TASK MATERIAL ::
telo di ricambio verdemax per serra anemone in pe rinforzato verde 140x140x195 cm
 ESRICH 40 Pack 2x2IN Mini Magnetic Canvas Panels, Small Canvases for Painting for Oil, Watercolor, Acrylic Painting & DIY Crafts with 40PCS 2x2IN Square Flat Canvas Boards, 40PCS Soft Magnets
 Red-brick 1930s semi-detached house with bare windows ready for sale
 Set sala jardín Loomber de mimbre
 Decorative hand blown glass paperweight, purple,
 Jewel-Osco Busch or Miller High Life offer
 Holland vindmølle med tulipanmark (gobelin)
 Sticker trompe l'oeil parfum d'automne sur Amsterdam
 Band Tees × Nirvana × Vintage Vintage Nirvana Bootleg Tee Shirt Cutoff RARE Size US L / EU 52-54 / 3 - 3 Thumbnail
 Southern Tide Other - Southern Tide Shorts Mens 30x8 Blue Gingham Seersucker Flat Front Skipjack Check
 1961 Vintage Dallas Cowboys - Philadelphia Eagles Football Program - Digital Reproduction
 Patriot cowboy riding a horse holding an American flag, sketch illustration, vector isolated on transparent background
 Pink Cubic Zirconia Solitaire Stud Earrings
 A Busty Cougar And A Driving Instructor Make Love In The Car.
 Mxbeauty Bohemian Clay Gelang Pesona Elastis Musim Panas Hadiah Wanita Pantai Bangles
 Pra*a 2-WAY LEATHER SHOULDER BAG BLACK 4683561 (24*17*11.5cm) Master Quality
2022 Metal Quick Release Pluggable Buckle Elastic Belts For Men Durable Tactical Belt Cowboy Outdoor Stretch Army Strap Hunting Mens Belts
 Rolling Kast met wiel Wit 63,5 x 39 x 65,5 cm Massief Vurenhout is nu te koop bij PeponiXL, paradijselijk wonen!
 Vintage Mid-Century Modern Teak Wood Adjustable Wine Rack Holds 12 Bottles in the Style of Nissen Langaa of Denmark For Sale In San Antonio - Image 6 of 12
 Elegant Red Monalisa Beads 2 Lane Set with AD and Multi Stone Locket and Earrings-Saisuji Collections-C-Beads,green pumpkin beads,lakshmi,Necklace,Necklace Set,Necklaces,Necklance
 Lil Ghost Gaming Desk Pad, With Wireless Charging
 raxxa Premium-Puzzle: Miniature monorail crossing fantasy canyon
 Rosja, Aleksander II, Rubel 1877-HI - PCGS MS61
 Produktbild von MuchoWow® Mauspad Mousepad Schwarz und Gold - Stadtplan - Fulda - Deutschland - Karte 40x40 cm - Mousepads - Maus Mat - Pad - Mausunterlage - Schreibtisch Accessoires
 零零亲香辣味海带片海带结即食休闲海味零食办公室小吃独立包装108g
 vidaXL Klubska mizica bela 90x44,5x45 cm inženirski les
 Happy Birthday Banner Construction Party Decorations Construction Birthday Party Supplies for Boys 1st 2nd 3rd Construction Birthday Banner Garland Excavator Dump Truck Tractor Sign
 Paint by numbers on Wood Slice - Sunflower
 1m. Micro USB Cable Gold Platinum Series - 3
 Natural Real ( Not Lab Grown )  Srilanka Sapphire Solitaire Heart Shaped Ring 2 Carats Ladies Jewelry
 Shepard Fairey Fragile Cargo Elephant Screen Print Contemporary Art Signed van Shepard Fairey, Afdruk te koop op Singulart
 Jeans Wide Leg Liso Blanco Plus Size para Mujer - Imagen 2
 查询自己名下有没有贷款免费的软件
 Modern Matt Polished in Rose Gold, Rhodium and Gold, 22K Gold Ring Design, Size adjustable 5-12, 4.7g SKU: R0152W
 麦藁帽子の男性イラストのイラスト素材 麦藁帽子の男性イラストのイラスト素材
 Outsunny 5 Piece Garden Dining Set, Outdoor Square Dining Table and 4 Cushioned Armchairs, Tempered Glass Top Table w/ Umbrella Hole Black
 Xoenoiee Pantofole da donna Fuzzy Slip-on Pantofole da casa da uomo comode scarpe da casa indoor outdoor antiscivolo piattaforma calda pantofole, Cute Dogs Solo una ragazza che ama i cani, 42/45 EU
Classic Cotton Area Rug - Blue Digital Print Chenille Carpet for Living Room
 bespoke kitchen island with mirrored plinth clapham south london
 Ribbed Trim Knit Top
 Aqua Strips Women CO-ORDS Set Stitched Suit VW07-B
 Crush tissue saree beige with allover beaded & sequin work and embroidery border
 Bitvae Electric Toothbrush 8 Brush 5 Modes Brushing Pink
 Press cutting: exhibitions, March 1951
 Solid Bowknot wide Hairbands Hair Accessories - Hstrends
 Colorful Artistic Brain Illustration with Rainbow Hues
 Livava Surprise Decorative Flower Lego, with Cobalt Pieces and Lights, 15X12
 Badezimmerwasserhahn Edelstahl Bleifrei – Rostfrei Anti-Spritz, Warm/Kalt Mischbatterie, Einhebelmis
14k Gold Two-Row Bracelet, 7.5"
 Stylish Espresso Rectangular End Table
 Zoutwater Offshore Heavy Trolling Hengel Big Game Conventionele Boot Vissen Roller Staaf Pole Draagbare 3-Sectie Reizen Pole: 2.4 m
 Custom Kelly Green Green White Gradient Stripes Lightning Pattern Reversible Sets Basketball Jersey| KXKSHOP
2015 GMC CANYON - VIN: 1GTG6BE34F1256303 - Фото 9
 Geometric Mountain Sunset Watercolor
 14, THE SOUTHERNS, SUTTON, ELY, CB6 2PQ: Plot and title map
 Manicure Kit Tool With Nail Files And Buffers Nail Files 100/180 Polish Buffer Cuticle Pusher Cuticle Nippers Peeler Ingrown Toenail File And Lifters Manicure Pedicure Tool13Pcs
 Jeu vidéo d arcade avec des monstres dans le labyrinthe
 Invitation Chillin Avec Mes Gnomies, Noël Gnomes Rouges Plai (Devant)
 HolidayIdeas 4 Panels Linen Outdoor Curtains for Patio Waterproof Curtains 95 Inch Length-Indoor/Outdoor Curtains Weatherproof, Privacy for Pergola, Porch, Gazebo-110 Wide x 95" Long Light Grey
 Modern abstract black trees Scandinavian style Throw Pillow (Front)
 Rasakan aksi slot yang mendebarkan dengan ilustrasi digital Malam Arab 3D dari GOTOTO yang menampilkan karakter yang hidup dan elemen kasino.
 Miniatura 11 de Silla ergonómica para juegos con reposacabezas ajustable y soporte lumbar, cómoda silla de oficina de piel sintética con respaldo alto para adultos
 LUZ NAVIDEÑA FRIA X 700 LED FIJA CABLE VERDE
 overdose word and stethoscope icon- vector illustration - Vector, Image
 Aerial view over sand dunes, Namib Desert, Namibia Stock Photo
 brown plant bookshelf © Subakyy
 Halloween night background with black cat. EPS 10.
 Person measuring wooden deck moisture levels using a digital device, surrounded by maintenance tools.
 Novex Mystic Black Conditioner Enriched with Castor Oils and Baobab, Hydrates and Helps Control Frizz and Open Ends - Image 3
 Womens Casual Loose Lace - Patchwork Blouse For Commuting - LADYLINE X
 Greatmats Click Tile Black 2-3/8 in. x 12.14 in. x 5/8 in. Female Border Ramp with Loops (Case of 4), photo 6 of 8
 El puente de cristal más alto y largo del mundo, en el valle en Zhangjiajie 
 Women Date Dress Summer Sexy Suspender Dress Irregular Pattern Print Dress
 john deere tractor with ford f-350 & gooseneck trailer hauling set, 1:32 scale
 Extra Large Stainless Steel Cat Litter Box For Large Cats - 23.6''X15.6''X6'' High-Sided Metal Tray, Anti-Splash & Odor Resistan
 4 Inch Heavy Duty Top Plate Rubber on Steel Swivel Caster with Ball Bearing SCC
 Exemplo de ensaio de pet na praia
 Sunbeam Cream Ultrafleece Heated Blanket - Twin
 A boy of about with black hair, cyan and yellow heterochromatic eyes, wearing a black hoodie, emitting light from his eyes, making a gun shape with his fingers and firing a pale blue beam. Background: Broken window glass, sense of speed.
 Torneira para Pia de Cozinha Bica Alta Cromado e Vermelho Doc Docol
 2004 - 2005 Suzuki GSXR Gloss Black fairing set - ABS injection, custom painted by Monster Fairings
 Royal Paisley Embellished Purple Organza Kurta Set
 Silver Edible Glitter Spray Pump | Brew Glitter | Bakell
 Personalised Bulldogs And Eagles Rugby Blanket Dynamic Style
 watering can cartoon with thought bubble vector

TASK STATEMENT :: Would you please copy, word for word, everything above from the line containing "Pink Cubic Zirconia Solitaire Stud Earrings" down to the line containing "vidaXL Klubska mizica", those two lines included?

EXERCISE ANSWER ::
 Pink Cubic Zirconia Solitaire Stud Earrings
 A Busty Cougar And A Driving Instructor Make Love In The Car.
 Mxbeauty Bohemian Clay Gelang Pesona Elastis Musim Panas Hadiah Wanita Pantai Bangles
 Pra*a 2-WAY LEATHER SHOULDER BAG BLACK 4683561 (24*17*11.5cm) Master Quality
2022 Metal Quick Release Pluggable Buckle Elastic Belts For Men Durable Tactical Belt Cowboy Outdoor Stretch Army Strap Hunting Mens Belts
 Rolling Kast met wiel Wit 63,5 x 39 x 65,5 cm Massief Vurenhout is nu te koop bij PeponiXL, paradijselijk wonen!
 Vintage Mid-Century Modern Teak Wood Adjustable Wine Rack Holds 12 Bottles in the Style of Nissen Langaa of Denmark For Sale In San Antonio - Image 6 of 12
 Elegant Red Monalisa Beads 2 Lane Set with AD and Multi Stone Locket and Earrings-Saisuji Collections-C-Beads,green pumpkin beads,lakshmi,Necklace,Necklace Set,Necklaces,Necklance
 Lil Ghost Gaming Desk Pad, With Wireless Charging
 raxxa Premium-Puzzle: Miniature monorail crossing fantasy canyon
 Rosja, Aleksander II, Rubel 1877-HI - PCGS MS61
 Produktbild von MuchoWow® Mauspad Mousepad Schwarz und Gold - Stadtplan - Fulda - Deutschland - Karte 40x40 cm - Mousepads - Maus Mat - Pad - Mausunterlage - Schreibtisch Accessoires
 零零亲香辣味海带片海带结即食休闲海味零食办公室小吃独立包装108g
 vidaXL Klubska mizica bela 90x44,5x45 cm inženirski les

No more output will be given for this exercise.